根本上来说,DE2方案和DE1方案运作方法类似但是产生v变量根据v = xi,G + λ*(xbest,G - xi,G) + F (xr2,G - xr3,G),引入额外控制变量λ。λ背后的思想是通过纳入当前最优向量xbest ,G提供一种提高方案贪心性的方法。这种方法对于非临界目标函数?有用。图3展示了一个(16)定义的向量产生过程。u从v和xi,G中的构造以及决策过程和DE1相同。

Competing minimization methods

In order to compare the DE method with other global minimizing strategies, we looked for approaches where the source code is readily available, which are known to be powerful and which are capable of coping with nonlinear and non differentiable functions. Two methods in particular piqued our interest. The first was the annealed version of the Nelder&Mead strategy (ANM) [10] which is appealing because of its adaptive scheme for generating random parameter deviations. When the annealing part is switched off, a fast converging direct search method remains which is especially useful for non-critical objective functions. The basic control variables in ANM are T, the starting temperature, TF, the temperature reduction factor and NV, the number of random variations at a given temperature level.

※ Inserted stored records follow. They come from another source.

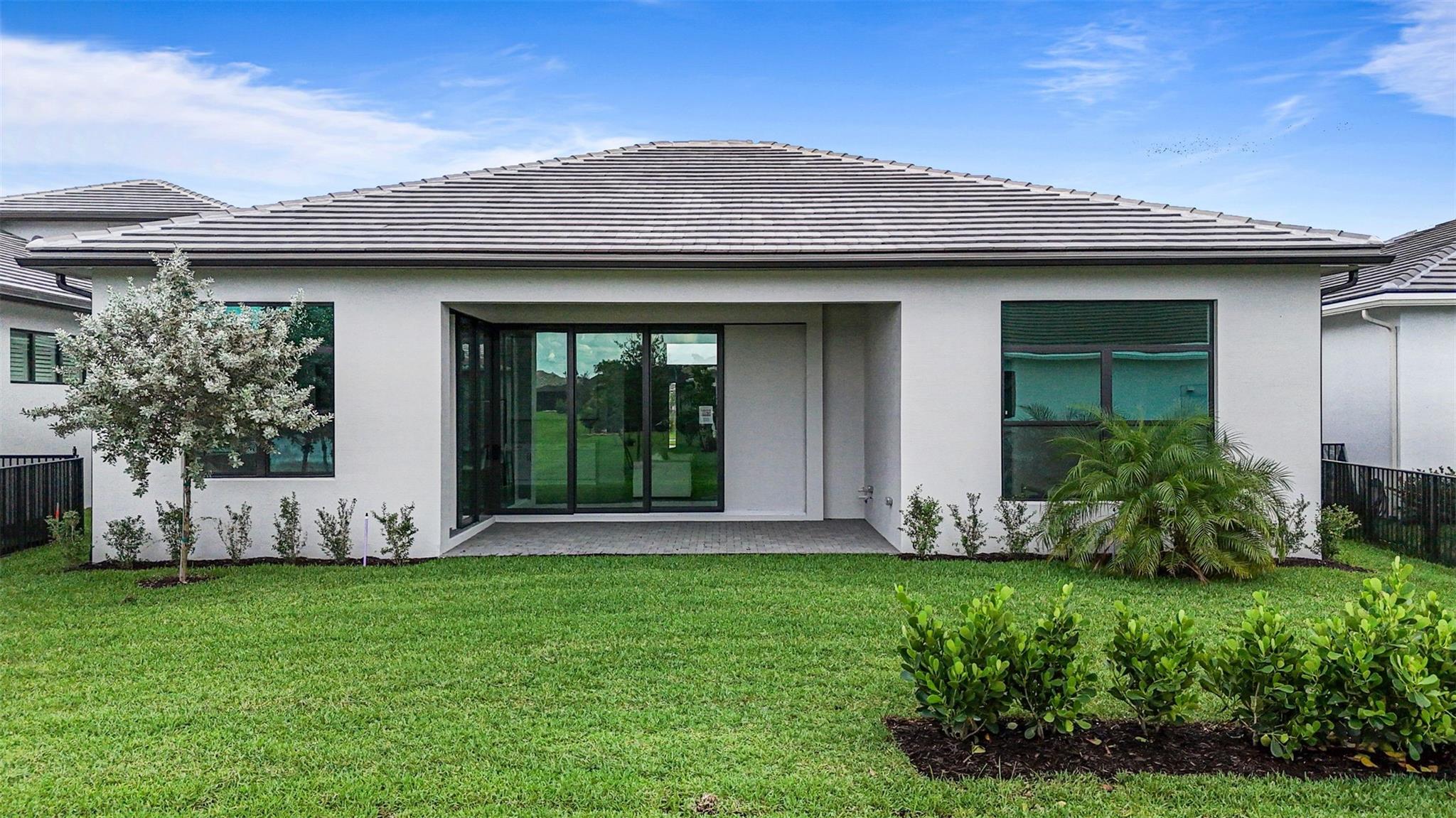 CRESSWIND PALM BEACH - Residential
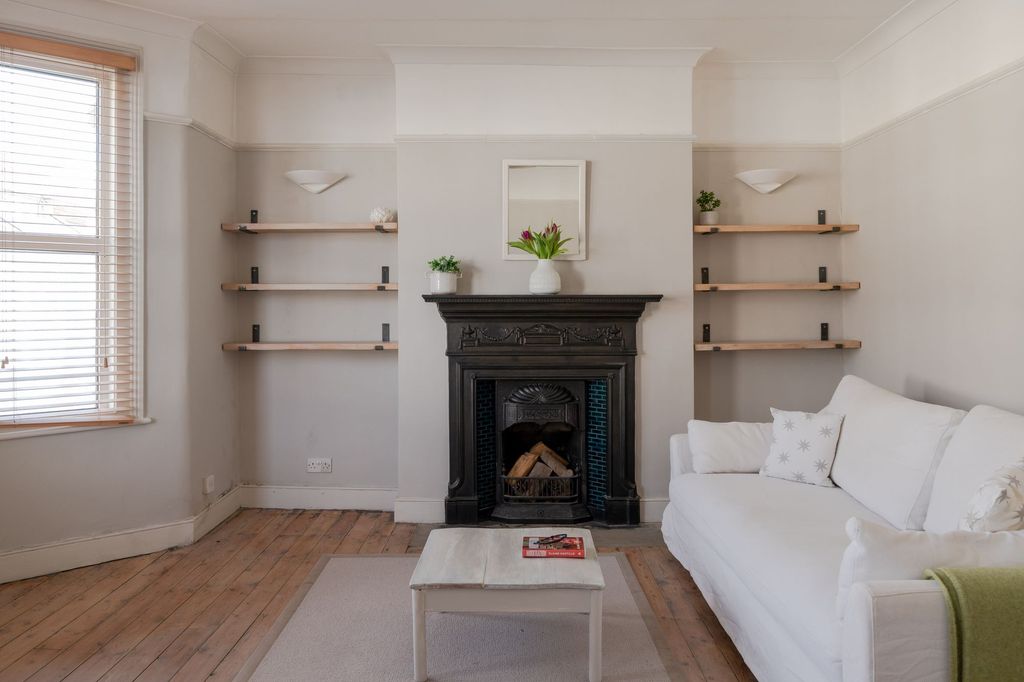 Property photo 1 of 22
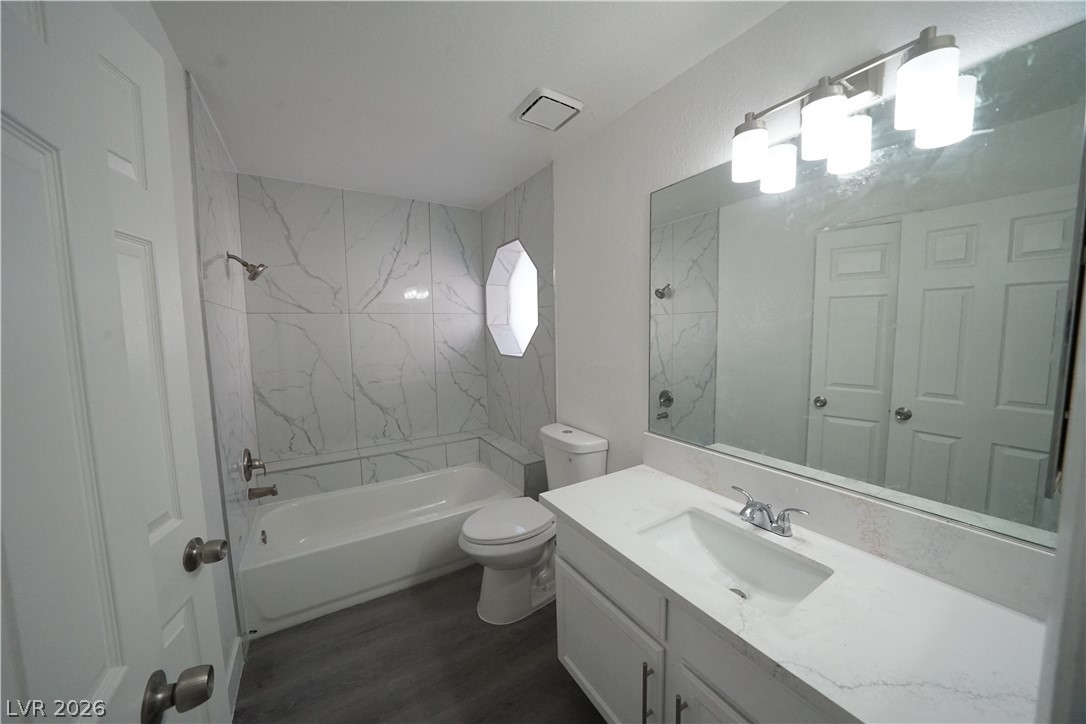 5022 South Rainbow Boulevard 105 Property Photo 15
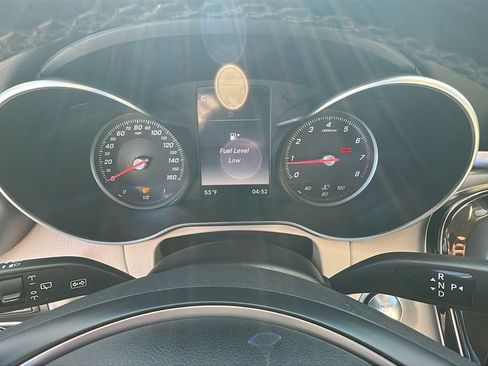 Used 2017 Mercedes-Benz GLC 300 image 26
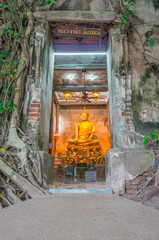 Obraz premium Amphawa Buddha statue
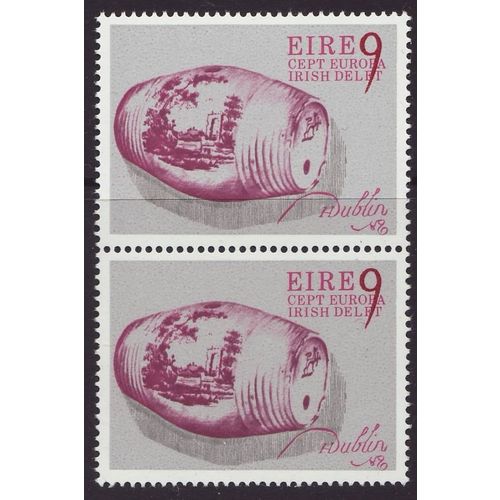Eire - Ireland 1976 SG 396 UMM Vertical Pair - Europa/CEPT (G-137-01)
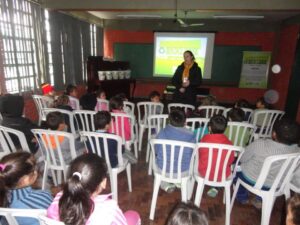 Finalizando as atividades de abril com A Turminha da Reciclagem no RS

The second method of interest was Adaptive Simulated Annealing (ASA) [8] which claims to converge very quickly and to outperform genetic algorithms on the De Jong test suite [9]. Although ASA provides more than a dozen control variables, it turned out that just two of them, TEMPERATURE_RATIO_SCALE (TRS) and TEMPERATURE_ANNEAL_SCALE (TAS), had significant impact on the minimization process. We will compare both ANM and ASA to DE1 and DE2. During our research we also wrote an annealed version of the Hooke&Jeeves method [5] and tested two Monte Carlo methods [3] one of which used NP parallel vectors and the differential mutation scheme of DE. Although these approaches all worked, they quickly turned out not to be competitive.

第二个有趣的方法是自适应模拟退火(ASA),这个方法收敛迅速并且在De Jong测试中做的比遗传算法好。即使ASA需要超过一沓变量,结果是只有两个变量TRS和TAS对最小化过程有显著影响。我们会比较ANM、ASA和DE1、DE2。在我们的研究中,我们也写了Hooke&Jeeves的退火版本并且试了两个蒙特卡洛方法,一个用了NP并行向量和DE的分变异方案。即使这些方案全部有效,他们都没有竞争力。